• [PROMPT]: Every line below from the one with "map of restaurants, bars, coffee" through the one with "Meenakari Necklace Set" is to be repeated exactly, with no picture among them.

─── RECORDS FOR THIS TASK

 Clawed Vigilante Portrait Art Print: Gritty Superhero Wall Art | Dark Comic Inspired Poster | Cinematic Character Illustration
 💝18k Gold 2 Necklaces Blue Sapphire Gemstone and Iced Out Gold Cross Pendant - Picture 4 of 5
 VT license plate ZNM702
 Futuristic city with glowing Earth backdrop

──────
─── RECORDS FOR THIS TASK

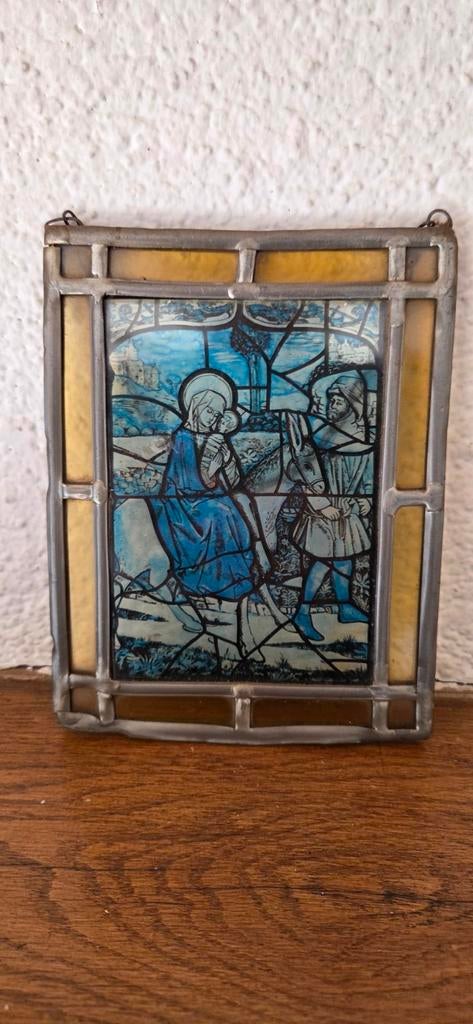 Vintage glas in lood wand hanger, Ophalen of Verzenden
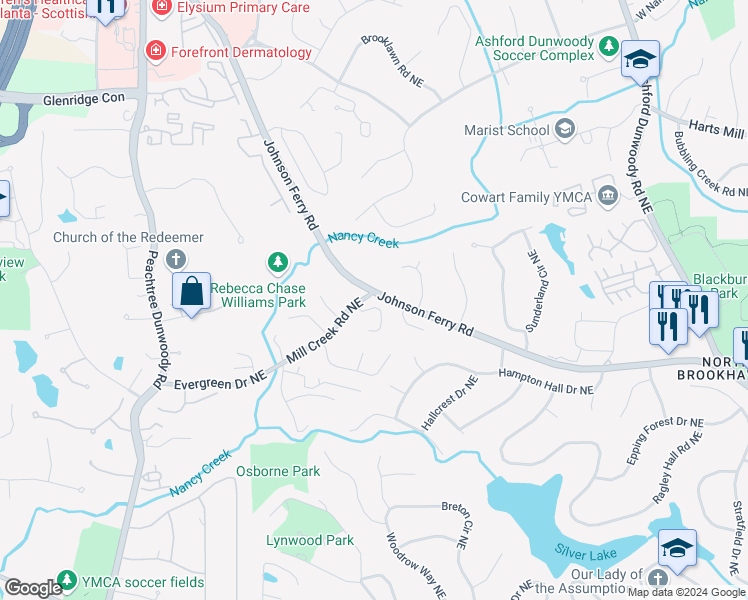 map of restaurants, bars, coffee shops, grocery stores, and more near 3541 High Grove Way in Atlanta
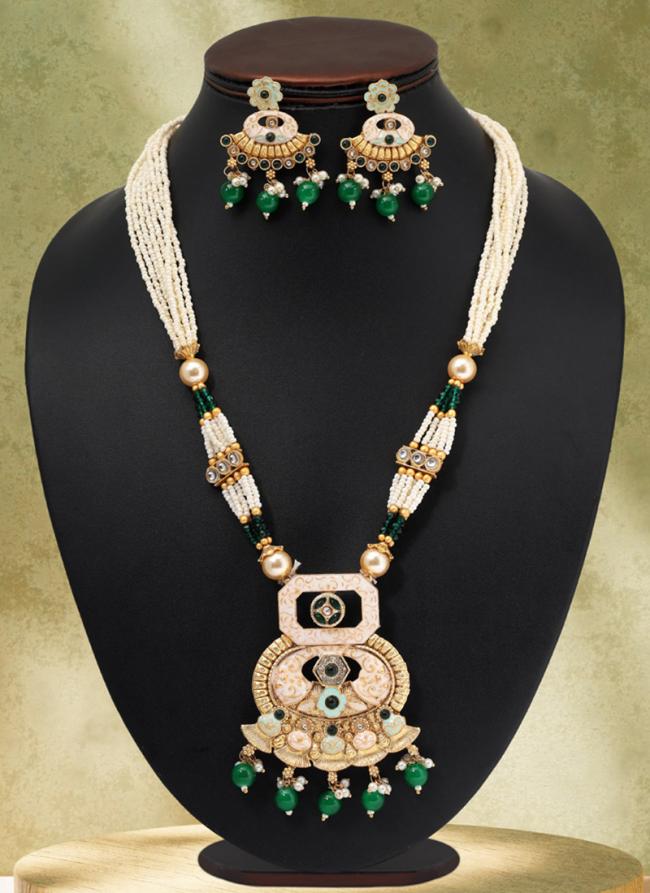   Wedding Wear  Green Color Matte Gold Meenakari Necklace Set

──────

• [TASK RESPONSE]:
 map of restaurants, bars, coffee shops, grocery stores, and more near 3541 High Grove Way in Atlanta
   Wedding Wear  Green Color Matte Gold Meenakari Necklace Set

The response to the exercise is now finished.